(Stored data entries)
##########
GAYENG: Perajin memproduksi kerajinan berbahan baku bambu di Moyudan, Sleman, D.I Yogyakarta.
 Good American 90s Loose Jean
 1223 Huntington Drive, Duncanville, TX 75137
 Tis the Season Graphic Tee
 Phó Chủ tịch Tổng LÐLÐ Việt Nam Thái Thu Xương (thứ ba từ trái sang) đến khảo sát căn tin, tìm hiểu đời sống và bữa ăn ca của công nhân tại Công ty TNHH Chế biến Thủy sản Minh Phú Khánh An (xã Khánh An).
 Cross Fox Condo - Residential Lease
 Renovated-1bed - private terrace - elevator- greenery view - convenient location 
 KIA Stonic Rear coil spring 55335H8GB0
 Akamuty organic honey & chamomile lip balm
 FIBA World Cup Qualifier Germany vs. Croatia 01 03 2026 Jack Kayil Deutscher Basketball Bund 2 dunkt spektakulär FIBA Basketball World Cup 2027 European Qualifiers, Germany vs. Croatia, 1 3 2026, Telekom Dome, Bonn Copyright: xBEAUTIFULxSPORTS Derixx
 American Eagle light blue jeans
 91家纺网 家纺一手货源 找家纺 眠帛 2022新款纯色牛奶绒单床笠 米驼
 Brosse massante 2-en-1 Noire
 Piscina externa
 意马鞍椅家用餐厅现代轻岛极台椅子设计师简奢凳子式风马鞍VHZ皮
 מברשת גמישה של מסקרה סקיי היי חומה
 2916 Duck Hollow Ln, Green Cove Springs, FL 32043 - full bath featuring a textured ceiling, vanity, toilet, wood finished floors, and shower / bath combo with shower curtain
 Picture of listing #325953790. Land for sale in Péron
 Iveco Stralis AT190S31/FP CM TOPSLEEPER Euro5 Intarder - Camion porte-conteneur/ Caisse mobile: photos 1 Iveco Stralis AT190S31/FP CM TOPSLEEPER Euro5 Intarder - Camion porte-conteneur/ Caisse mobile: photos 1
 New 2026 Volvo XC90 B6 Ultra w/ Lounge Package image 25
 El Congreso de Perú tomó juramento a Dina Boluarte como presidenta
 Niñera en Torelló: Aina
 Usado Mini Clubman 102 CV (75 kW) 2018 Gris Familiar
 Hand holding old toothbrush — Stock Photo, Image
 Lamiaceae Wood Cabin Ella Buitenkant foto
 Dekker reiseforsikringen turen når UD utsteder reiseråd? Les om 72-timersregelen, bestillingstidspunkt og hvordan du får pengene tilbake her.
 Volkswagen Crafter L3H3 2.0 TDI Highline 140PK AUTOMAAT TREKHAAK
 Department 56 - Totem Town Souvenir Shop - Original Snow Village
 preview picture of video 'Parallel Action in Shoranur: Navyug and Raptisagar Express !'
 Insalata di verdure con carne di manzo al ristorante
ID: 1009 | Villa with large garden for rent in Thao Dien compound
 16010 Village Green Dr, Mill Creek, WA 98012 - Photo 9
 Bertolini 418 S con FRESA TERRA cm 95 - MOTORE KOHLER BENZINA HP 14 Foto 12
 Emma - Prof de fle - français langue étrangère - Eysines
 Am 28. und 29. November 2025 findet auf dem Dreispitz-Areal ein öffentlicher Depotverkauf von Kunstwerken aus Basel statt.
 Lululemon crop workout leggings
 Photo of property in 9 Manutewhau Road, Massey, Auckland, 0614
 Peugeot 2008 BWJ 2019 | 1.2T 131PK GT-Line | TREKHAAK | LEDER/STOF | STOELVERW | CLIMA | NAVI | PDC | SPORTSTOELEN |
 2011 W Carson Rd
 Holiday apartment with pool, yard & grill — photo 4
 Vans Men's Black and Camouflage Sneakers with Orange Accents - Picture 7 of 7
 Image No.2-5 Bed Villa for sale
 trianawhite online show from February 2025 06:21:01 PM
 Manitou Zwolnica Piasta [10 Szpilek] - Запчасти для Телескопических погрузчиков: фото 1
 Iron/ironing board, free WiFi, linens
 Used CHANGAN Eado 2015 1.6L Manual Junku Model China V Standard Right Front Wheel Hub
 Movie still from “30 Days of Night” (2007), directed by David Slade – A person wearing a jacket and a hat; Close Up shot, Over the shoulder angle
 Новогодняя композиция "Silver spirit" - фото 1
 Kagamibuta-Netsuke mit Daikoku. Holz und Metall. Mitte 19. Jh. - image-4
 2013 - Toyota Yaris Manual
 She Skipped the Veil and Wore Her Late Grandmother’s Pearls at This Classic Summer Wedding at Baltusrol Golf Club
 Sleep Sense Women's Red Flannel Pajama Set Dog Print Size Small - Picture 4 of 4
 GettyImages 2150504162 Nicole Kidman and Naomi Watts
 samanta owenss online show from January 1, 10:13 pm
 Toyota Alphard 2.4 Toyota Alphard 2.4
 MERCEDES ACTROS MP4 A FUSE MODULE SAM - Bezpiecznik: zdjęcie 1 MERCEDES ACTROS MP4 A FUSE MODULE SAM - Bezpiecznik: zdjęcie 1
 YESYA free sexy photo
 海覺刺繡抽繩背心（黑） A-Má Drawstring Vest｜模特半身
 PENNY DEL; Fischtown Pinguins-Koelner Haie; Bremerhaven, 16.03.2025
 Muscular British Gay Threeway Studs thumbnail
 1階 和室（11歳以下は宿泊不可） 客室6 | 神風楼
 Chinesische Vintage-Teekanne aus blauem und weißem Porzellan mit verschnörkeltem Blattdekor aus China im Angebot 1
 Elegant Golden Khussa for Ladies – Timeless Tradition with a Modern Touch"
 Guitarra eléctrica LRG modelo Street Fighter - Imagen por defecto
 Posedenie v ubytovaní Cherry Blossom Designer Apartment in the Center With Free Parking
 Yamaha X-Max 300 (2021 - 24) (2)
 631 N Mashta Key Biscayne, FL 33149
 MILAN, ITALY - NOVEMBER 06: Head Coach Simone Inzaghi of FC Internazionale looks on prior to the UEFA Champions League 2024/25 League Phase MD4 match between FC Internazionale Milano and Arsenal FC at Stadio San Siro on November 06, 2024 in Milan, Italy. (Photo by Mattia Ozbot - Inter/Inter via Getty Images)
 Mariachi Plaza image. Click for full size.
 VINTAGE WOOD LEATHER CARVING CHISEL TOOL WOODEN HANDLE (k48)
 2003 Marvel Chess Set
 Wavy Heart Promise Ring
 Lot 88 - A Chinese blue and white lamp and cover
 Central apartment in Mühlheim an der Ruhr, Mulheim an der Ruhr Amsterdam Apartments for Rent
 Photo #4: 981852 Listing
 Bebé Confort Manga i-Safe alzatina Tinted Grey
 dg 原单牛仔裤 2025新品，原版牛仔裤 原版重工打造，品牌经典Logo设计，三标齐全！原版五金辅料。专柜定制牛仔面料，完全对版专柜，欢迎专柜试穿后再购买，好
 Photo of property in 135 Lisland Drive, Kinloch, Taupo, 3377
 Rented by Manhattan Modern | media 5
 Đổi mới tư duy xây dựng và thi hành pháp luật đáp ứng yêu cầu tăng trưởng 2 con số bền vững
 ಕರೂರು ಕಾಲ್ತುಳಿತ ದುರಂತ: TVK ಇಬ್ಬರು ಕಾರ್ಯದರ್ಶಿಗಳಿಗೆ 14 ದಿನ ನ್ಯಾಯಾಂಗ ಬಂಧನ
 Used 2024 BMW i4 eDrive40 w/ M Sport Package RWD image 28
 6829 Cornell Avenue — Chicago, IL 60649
##########
A verbatim transcription is needed of the lines above, starting at the line with "MILAN, ITALY - NOVEMBER" and ending at the line with "2003 Marvel Chess Set", both included, and of nothing else.

 MILAN, ITALY - NOVEMBER 06: Head Coach Simone Inzaghi of FC Internazionale looks on prior to the UEFA Champions League 2024/25 League Phase MD4 match between FC Internazionale Milano and Arsenal FC at Stadio San Siro on November 06, 2024 in Milan, Italy. (Photo by Mattia Ozbot - Inter/Inter via Getty Images)
 Mariachi Plaza image. Click for full size.
 VINTAGE WOOD LEATHER CARVING CHISEL TOOL WOODEN HANDLE (k48)
 2003 Marvel Chess Set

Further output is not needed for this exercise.